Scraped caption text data
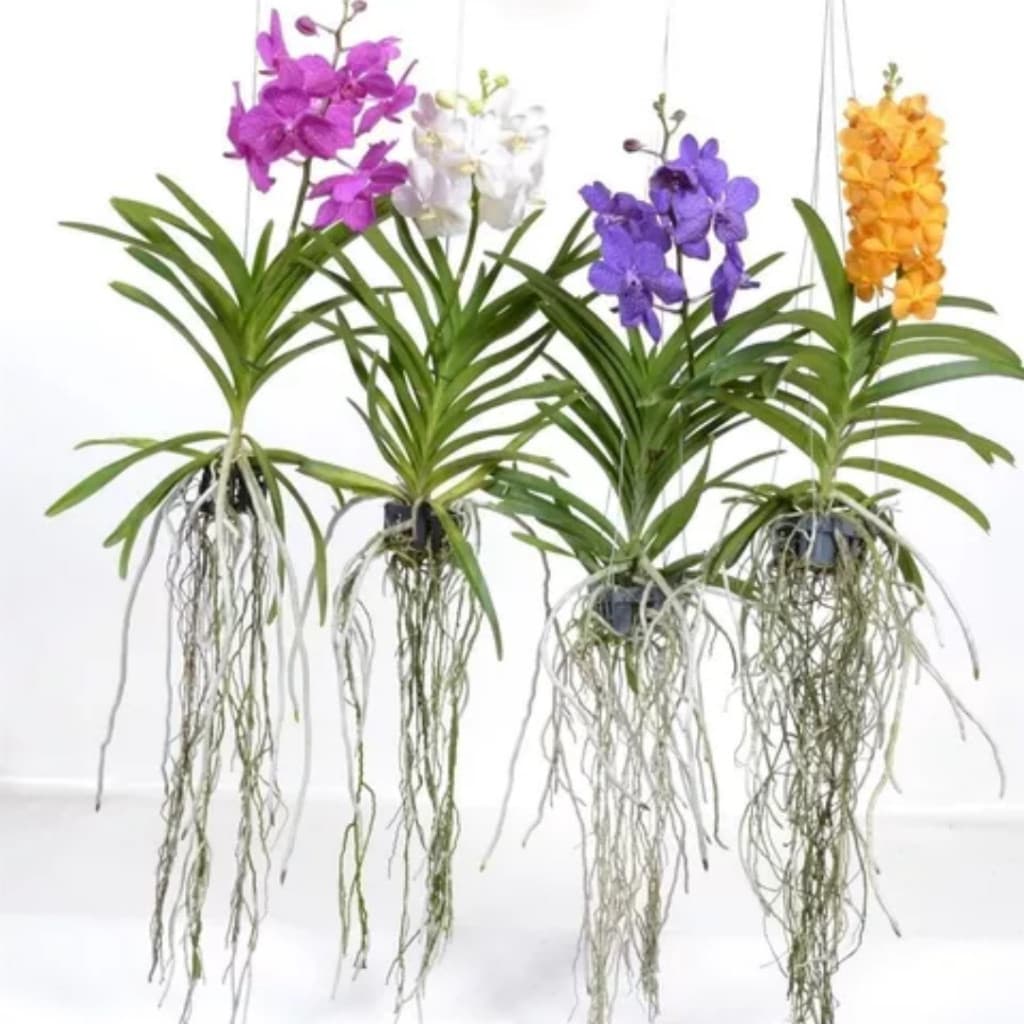 300 sementes seleionadas de orquídea vanda |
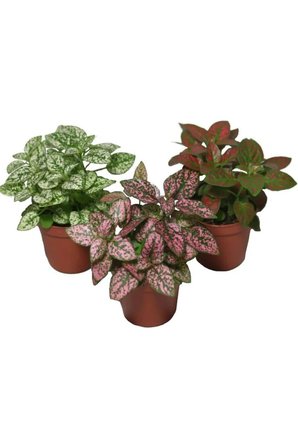 Hostes Çiçeği Hypoestes Çilli Yaprak Çiçeği 3 Adet 10-20 cm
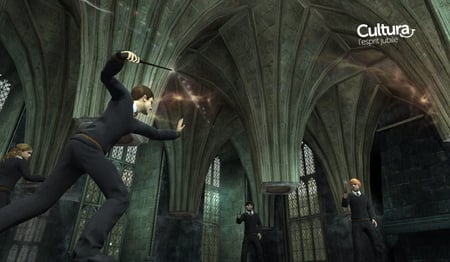 media/pim/harry-potter-et-l-ordre-du-phoenix-enix-5030931057403_7.jpg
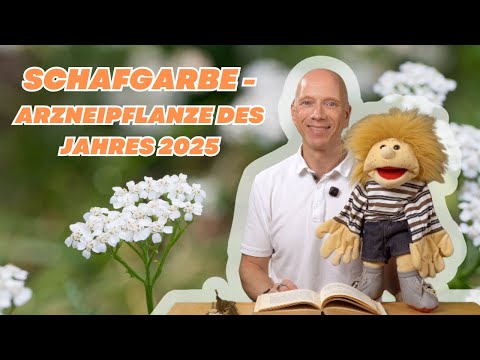 Schafgarbe erklärt: Wirkung, Anwendung & Mythologie (Arzneipflanze 2025)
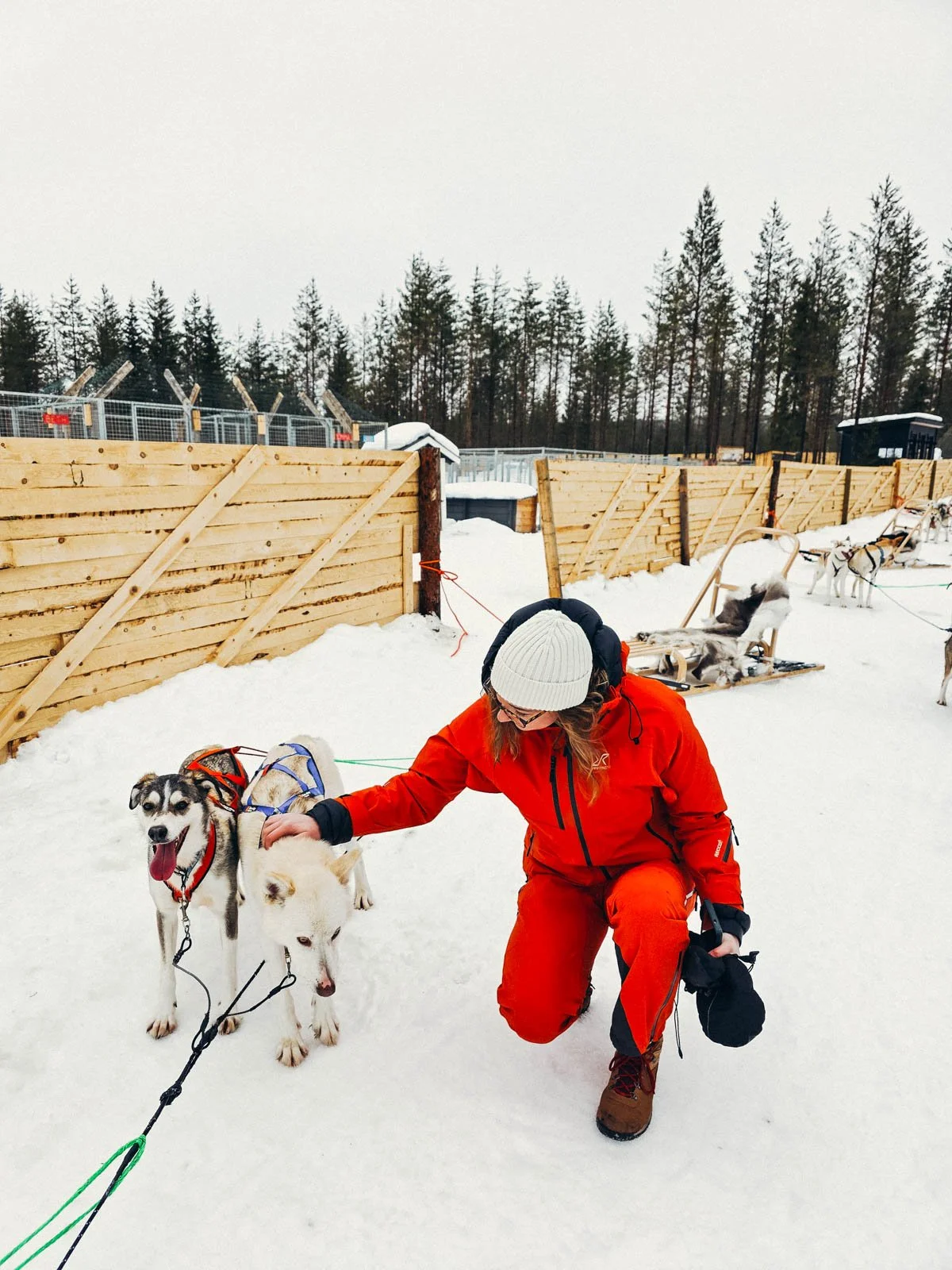 Helena in red kneeling down and petting two huskies with sleds and a wooden fence in the background - husky sledding is one of the best things to do in Aavasaksa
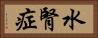 水腎症 Horizontal Portrait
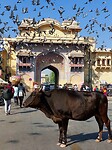 Jaipur
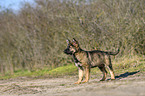 standing German Shepherd Puppy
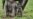Kelahiran Bayi Gajah Tambah Populasi Gajah Sumatera di TN Gunung Leuser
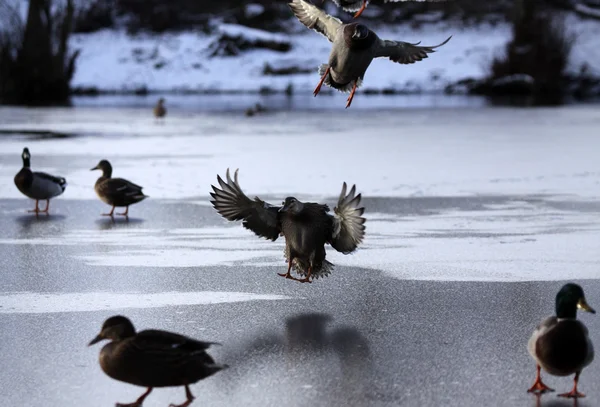 Ducks on a frozen lake — Stock Photo, Image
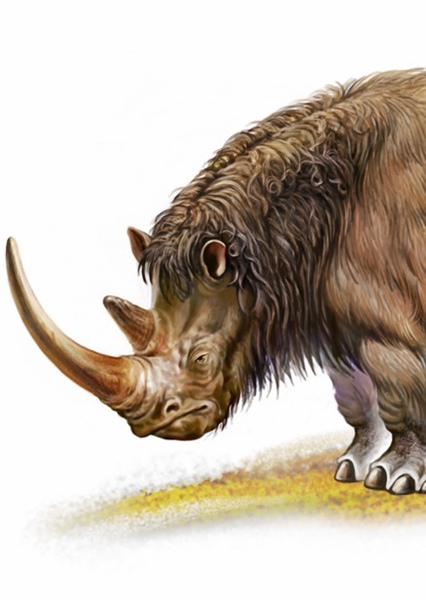 Woolly Rhinoceros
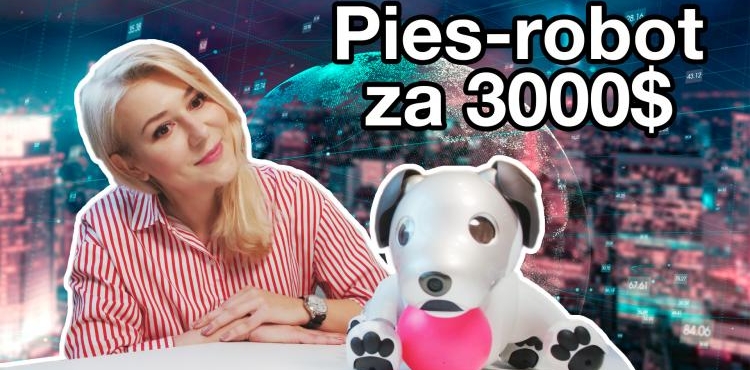 Pies – robot, czyli sztuczna inteligencja zwierząt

◆ **Work to be completed**
What is needed is an exact copy of the lines from the line with "Kelahiran Bayi Gajah" to the end of the data above, both included, without any pictures.

◆ **Result of the exercise**
Kelahiran Bayi Gajah Tambah Populasi Gajah Sumatera di TN Gunung Leuser
 Ducks on a frozen lake — Stock Photo, Image
 Woolly Rhinoceros
 Pies – robot, czyli sztuczna inteligencja zwierząt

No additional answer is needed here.